According to SPU and SCL, the PDF bill contains a customer’s name, address, account number, consumption data (electricity for SCL; water, sewer, and garbage/recycling/yard waste for SPU), any solar production credits, and any Utility Discount Program discount if applicable. It does NOT contain data on method of payment, so bank account and credit card data were not exposed.

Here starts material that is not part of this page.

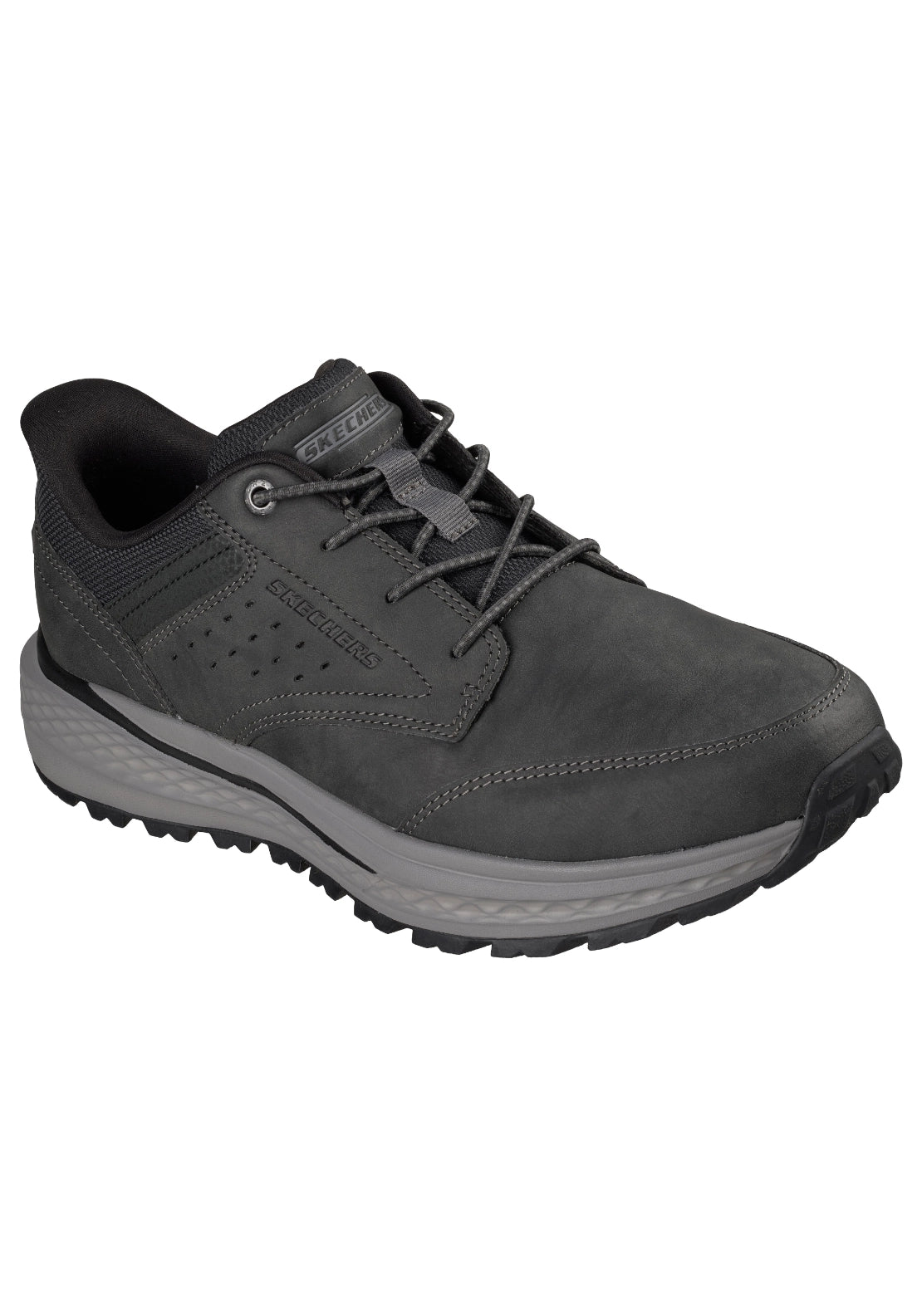 Slade Ultra Ronan Slip Ins - Grey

The NCIS team was notified of the problem this morning around 10am. They took the Kubra system offline at 10:30am, and it remains offline. The time period between when the email notifications went out and when the PDFs were no longer available was seven hours –and fortunately most of that was in the wee hours of the morning on a national holiday. Yet the utilities have confirmed that during that period some customers did log in and were in fact shown the wrong PDF bill; they are still trying to determine how many, and whose bills were wrongly shared. Luckily, Kubra doesn’t email out the PDF bills directly, so shutting it down mid-morning instantly closed the privacy hole; the only data that inadvertently got out was when someone actually clicked through to Kubra, logged in, and tried to retrieve their PDF bill this morning before 10:30. Since only 3000 customers received email links this morning, and it was Labor Day, the actual number of wrong bills served up was probably fairly small.

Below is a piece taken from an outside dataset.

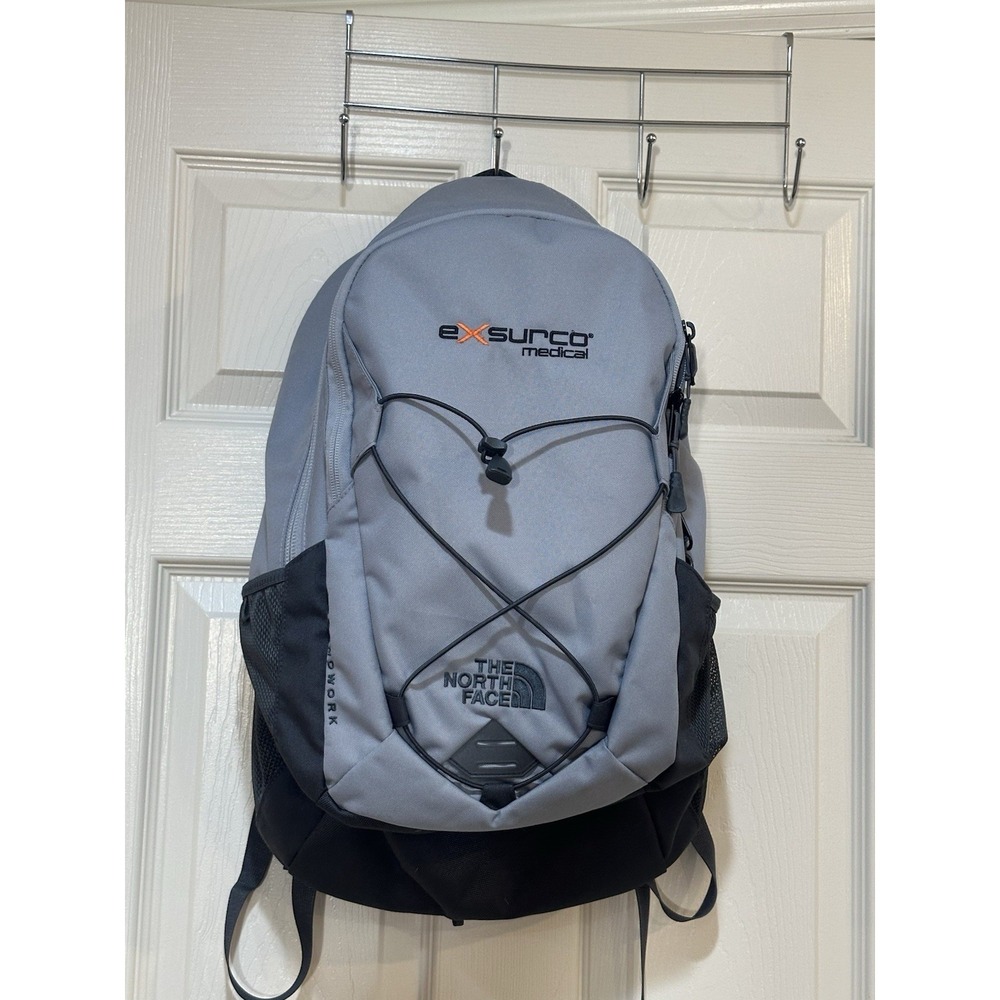 The North Face ground Work Backpack - image 2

Still, it’s a privacy hole and the NCIS team need to be accountable for it: not only finding and fixing the bug that caused it, but informing the people whose bill was shared with someone else. A spokesperson for the utilities told me this evening that they are still gathering that data, and that they will have a news release in the morning with more information.

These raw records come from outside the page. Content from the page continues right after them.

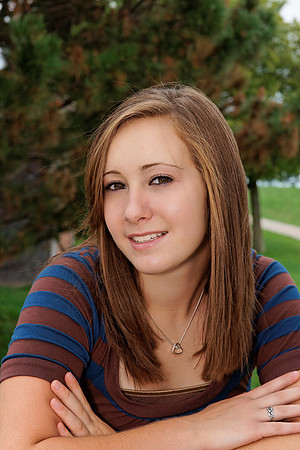 33- Shea Sr 2011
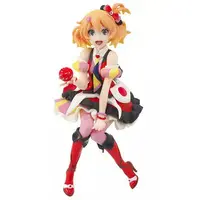 Figure - Macross Delta / Freyja Wion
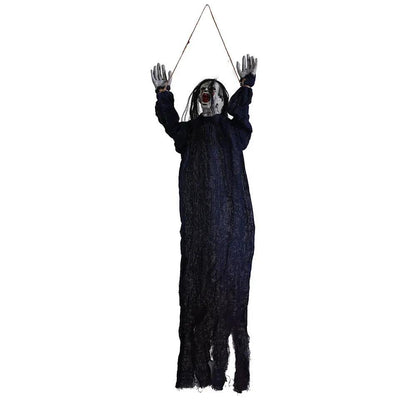 Halloween Decoration - Hanging Ghost for Haunted House Decor - AllvueCo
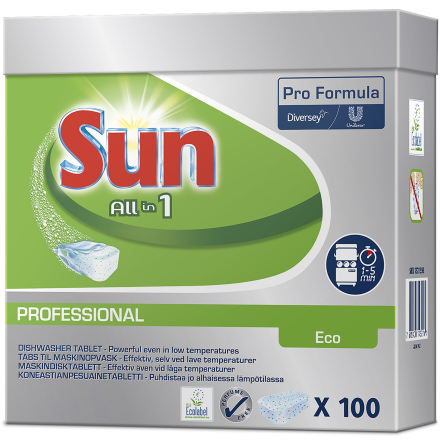 Sun Professional ECO    100/fp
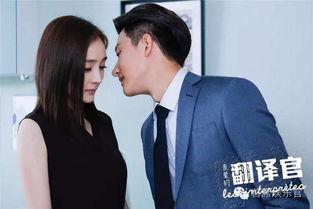 亲爱翻译官免费观看,解锁语言魅力之旅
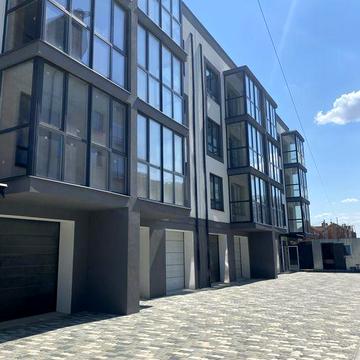 Однокімнатна  по вулиці Богдана Хмельницького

As a former software developer, I can attest that these two bugs don’t represent major design flaws; they are the sort that are easily made with a typo in single line of code, and in fact may be harder to track down than to fix. What is more surprising is that they weren’t caught during testing since they are so obvious. Through the spring the NCIS team’s QA consultant reports show a small but persistent set of bugs in the interface to Kubra, so it was clearly being tested and improved. Either there was a major oversight in the testing protocol, or there is something different in the official live environment than in the system they were testing with. I expect there will be much burning of the midnight oil tonight as they sort that out. And they do need to sort it out quickly, because Kubra remains shut down and they can’t have their online bill presentment and payment system offline for more than a couple of days before the backlog becomes significant and the hit to the revenue stream becomes noticeable. As of 7:30pm this evening, the NCIS team has already restored Kubra access to those customers with a bill date prior to last night, so it only affects the customers in this morning’s batch of bills and those in daily batches moving forward until the problem is resolved.
With a system as big and complicated as NCIS, something was expected to go wrong today — and it did. The PDF mix-up is serious, but if that’s the worst thing to go wrong, and if they can fix it quickly, then they are in pretty good shape overall. The team is still doing validation work on other parts of the system, so they can — and probably will — find other issues that they missed during testing. But tomorrow, when SCL and SPU staff come back from the long weekend and get to work, the real test begins.
Update 9/6/16 7:45am: The utilities clarified this morning that they had backed out yesterday’s batch of bills sent to Kubra and restored online access to all customers.